Saint Laurent devotees and art fans alike were certainly interested when the massive art collection that the designer and Bergé compiled went under the gavel at Christie’s in 2009. Trumpeted as “the sale of the century,” the three-day auction generated $484 million in sales. But it was not without controversy. At that time, two bronze sculptures that had disappeared from China nearly 150 years ago — and were demanded back by Beijing — sold for millions.
Further complicating the sketches situation is that the Paris-based publisher Bazar Edition plans to release a book of Saint Laurent’s erotic drawings in the fall of 2013 or in 2014. Founder and chief executive officer Thomas Doustaly said via e-mail last month that he first heard about the erotic drawings “a long time ago” from his “close friend” Bergé. “When I founded my publishing house, it was one of the reasons to do so — to publish this amazing ensemble of drawings from the Sixties, Seventies and the Eighties. Mr. Bergé is the owner of the rights of all of Mr. Yves Saint Laurent’s works.”
When the yet-to-be-named tome launches, it will have worldwide distribution rather than a debut in France, Doustaly said.
Whether that project will come to fruition remains to be seen.
Coblence, Bergé’s New York-based lawyer, said, “Pierre Bergé is going to do everything he can to obtain these to prevent them from being published.
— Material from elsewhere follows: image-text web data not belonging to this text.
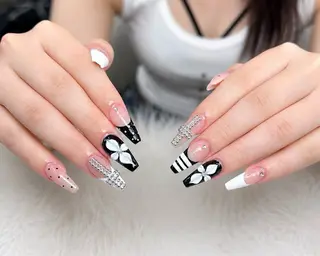 ネイル Julie NailSalonのネイルデザイン
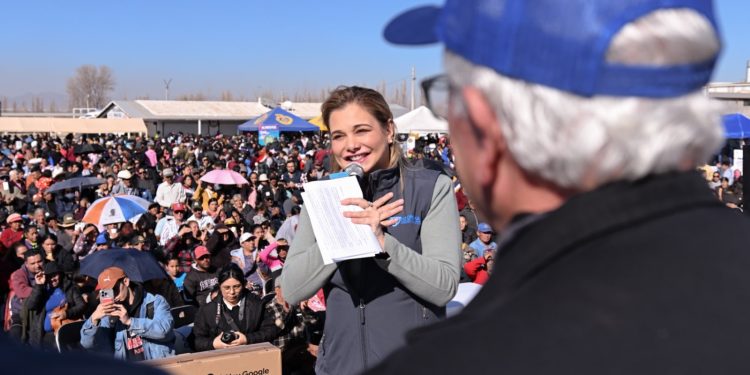 Maru Campos une a cerca de 4 mil cuauhtemenses en la última Megaposada Navideña de la temporada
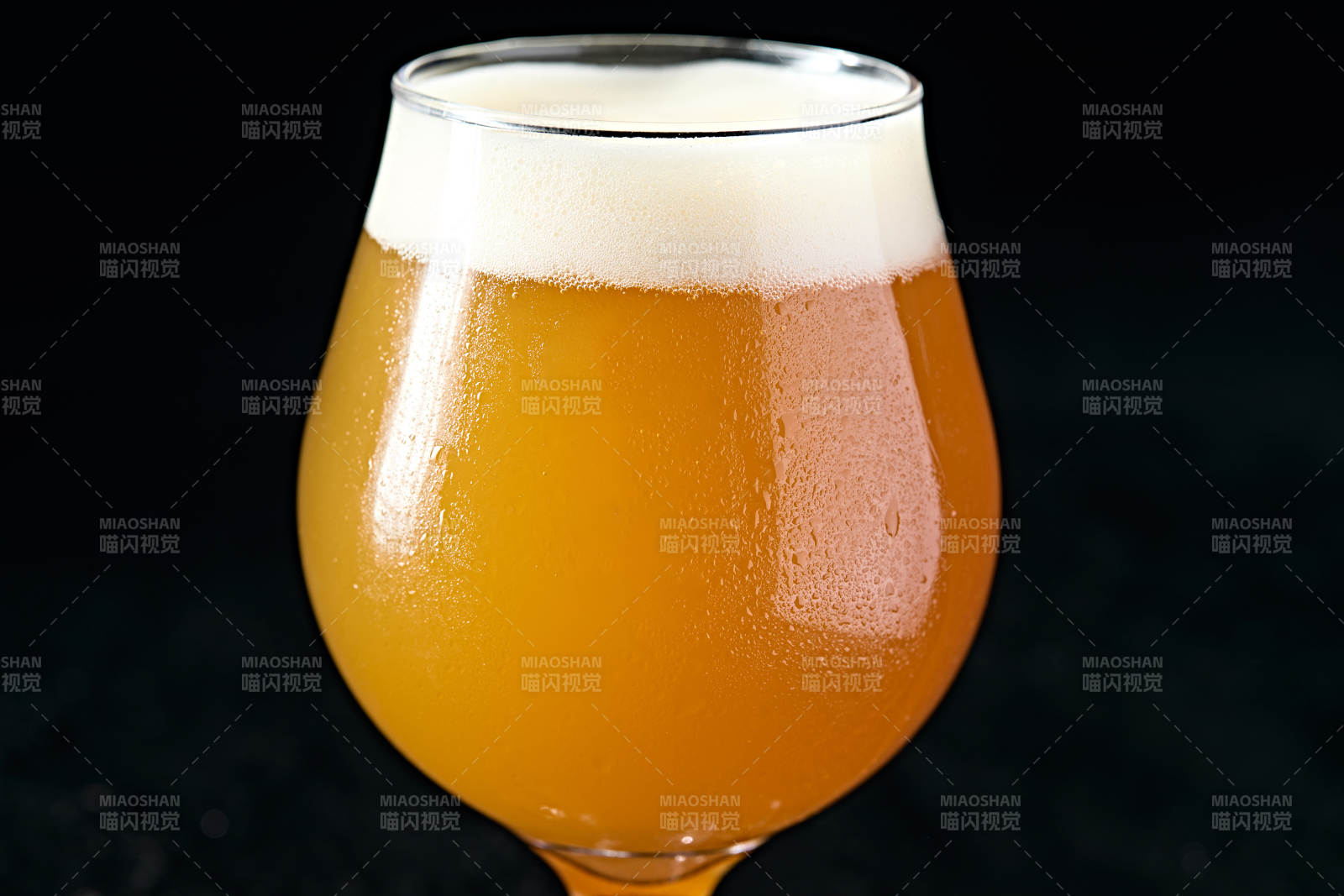 自制醇香冰镇精酿啤酒图片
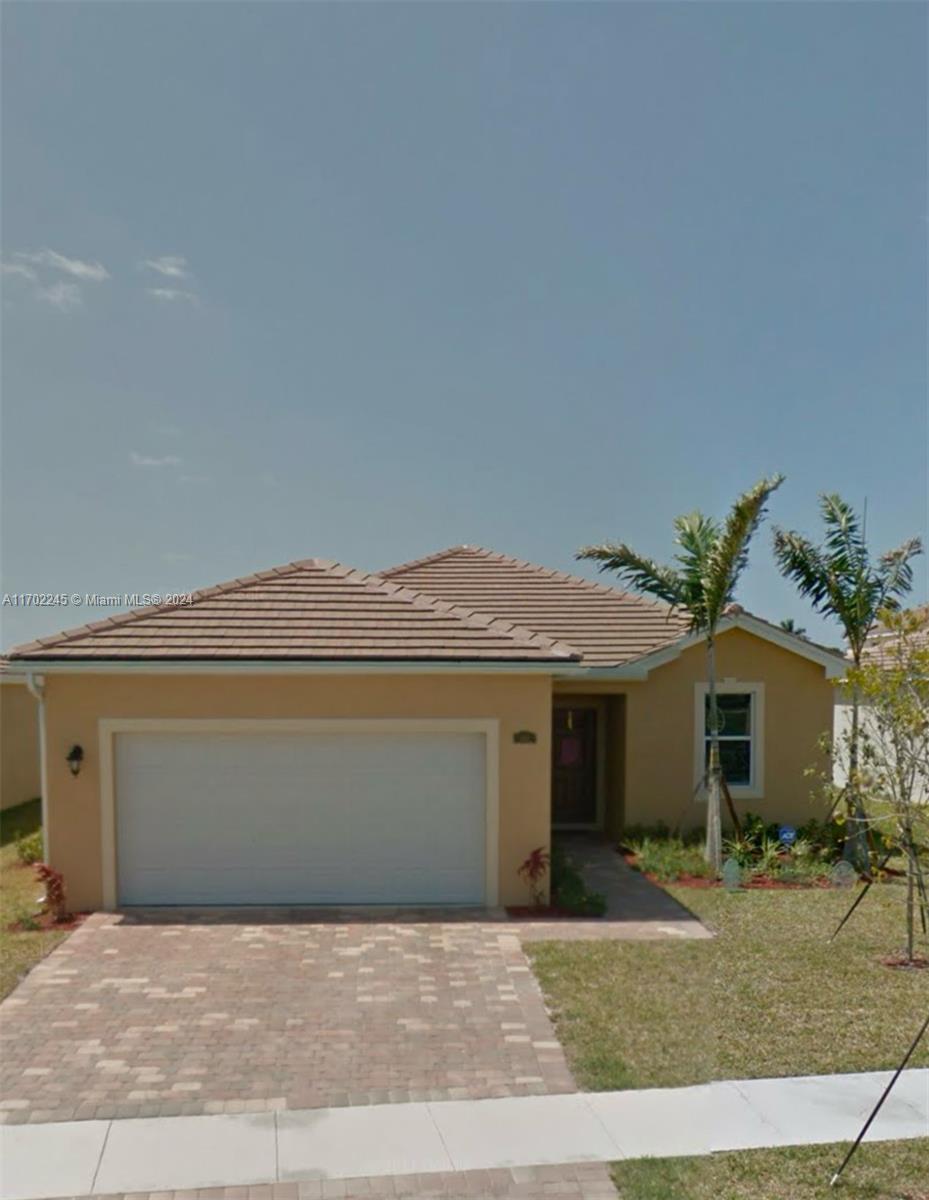 642 SE 31st Ave, Homestead, Florida image 1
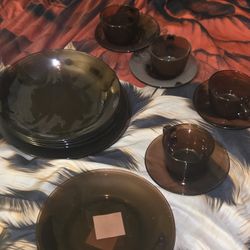 Vecero made In France Dishware Set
He is going to recover these possessions because they have been stolen. He has no moral judgment or inhibitions about publishing erotic drawings, but those drawings have been stolen.”
And considering Saint Laurent’s freewheeling lifestyle, just how risqué the drawings are is open to interpretation. In a Q&A with Bianca Jagger in Interview magazine in 1973, she asked the designer flat out about his interest in porn.
Jagger said, “Pornography — does it excite you?”
Saint-Laurent responded, “Pornography? I don’t know what that is. Pornography, eroticism, love, it’s all the same to me.”
Forty years after that exchange, the creative class seems to be just as curious as ever about the designer and his work. Pat Cleveland, who was part of the Paris scene with the designer then, can understand why. “It was like a giant watering hole, with all the elephants, giraffes and lions. Everybody was partying together and would end up in the same places. That was when everybody was so free. Now when you get to be famous, you have to have an entourage,” she said. “The first time I saw Yves, he was getting out of his black VW Beetle and was walking to his building. He used to drive himself and leave the doors unlocked.”
While the legal wrangling over the late designer’s portfolio continues, new Saint Laurent-inspired films are in the works. Documentary filmmaker Loïc Prigent has wrapped up “Yves Saint Laurent: Le Dernier Defile” (“The Last Fashion Show”), which is scheduled to air on French-German TV station Arte in late February. Bergé, Violetta Sanchez and the head of Saint Laurent’s atelier, Monsieur Jean-Pierre, were among the handful of people Prigent interviewed for the film, which he hopes will provide both a historical and inside-the-house point of view. Anchored, as the film is, on the designer’s work, it also reveals a bit of his personality. “He didn’t ever say goodbye to Monsieur Jean-Pierre or to Violetta, because he didn’t want to say goodbye,” Prigent said. “So that was sweet and bittersweet at the same time.”
Noting that two fictional feature films about Saint Laurent are being developed by directors Bertrand Bonello and Jalil Lespert, Prigent said the French remain intrigued by the late designer’s life. “I guess he’s really a great legend. His life is really fascinating to people. They like the idea that he was kind of a poet who had a nervous breakdown. They really love his weaknesses.”
Prigent, whose film credits include backstage looks at Sonia Rykiel and Marc Jacobs at Louis Vuitton, said of his most recent project, “The documentary that I have done is not about that at all. I’m always interested in the actual work. I am never interested in the private life.”